--- WHAT TO PRODUCE ---
Nothing below is to be printed except the lines between the line holding "Fototapeta Silhouettes of" and the line holding "Taylor Swift and", inclusive, each exactly as it appears.

Saved data entries:
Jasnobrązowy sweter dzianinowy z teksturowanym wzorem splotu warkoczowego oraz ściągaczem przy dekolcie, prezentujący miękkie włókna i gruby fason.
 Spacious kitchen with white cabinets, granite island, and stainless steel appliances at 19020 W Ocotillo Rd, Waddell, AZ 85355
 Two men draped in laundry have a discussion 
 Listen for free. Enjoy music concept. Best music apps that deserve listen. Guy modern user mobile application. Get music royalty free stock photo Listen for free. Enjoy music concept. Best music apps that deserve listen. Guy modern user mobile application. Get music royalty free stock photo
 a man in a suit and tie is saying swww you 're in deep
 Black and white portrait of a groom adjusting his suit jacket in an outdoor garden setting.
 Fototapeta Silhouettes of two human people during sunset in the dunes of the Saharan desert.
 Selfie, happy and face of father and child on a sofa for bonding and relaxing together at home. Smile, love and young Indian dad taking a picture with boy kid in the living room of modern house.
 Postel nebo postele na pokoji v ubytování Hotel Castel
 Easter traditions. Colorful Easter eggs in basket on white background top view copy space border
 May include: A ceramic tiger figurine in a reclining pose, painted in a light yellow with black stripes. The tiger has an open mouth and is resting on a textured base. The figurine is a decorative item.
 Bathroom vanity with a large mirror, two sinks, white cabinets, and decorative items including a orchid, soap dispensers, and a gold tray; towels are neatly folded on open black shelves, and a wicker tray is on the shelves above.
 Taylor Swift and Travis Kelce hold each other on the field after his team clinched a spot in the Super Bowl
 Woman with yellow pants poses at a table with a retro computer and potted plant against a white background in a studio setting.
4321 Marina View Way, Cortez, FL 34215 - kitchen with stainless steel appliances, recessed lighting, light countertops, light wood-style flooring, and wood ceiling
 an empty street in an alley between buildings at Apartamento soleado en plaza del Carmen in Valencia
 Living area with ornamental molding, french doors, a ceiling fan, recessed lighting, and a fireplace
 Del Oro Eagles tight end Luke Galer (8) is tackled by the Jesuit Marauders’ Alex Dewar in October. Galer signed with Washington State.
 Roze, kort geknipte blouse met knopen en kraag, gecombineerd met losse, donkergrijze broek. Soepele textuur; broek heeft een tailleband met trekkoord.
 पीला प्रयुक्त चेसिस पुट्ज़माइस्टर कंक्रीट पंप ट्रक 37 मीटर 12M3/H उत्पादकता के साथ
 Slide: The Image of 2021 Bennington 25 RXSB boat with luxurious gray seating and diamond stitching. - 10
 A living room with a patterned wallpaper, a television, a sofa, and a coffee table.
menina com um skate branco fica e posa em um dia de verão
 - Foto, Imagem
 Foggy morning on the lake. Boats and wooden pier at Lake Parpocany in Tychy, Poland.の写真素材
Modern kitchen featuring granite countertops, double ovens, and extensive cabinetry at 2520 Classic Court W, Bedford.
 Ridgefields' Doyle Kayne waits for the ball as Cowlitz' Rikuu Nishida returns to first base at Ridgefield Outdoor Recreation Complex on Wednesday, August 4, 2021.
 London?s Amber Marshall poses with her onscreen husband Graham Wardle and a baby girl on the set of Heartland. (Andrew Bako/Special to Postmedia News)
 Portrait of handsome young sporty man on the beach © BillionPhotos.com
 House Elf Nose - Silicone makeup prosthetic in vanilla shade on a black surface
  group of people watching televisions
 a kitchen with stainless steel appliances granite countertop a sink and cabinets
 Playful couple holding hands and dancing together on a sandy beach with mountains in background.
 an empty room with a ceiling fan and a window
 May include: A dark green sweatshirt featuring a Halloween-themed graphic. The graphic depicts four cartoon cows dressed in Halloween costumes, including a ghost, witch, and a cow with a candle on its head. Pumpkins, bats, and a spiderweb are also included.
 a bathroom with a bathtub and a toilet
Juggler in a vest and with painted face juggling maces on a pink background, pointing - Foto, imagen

--- RESULT FOR THIS TASK ---
 Fototapeta Silhouettes of two human people during sunset in the dunes of the Saharan desert.
 Selfie, happy and face of father and child on a sofa for bonding and relaxing together at home. Smile, love and young Indian dad taking a picture with boy kid in the living room of modern house.
 Postel nebo postele na pokoji v ubytování Hotel Castel
 Easter traditions. Colorful Easter eggs in basket on white background top view copy space border
 May include: A ceramic tiger figurine in a reclining pose, painted in a light yellow with black stripes. The tiger has an open mouth and is resting on a textured base. The figurine is a decorative item.
 Bathroom vanity with a large mirror, two sinks, white cabinets, and decorative items including a orchid, soap dispensers, and a gold tray; towels are neatly folded on open black shelves, and a wicker tray is on the shelves above.
 Taylor Swift and Travis Kelce hold each other on the field after his team clinched a spot in the Super Bowl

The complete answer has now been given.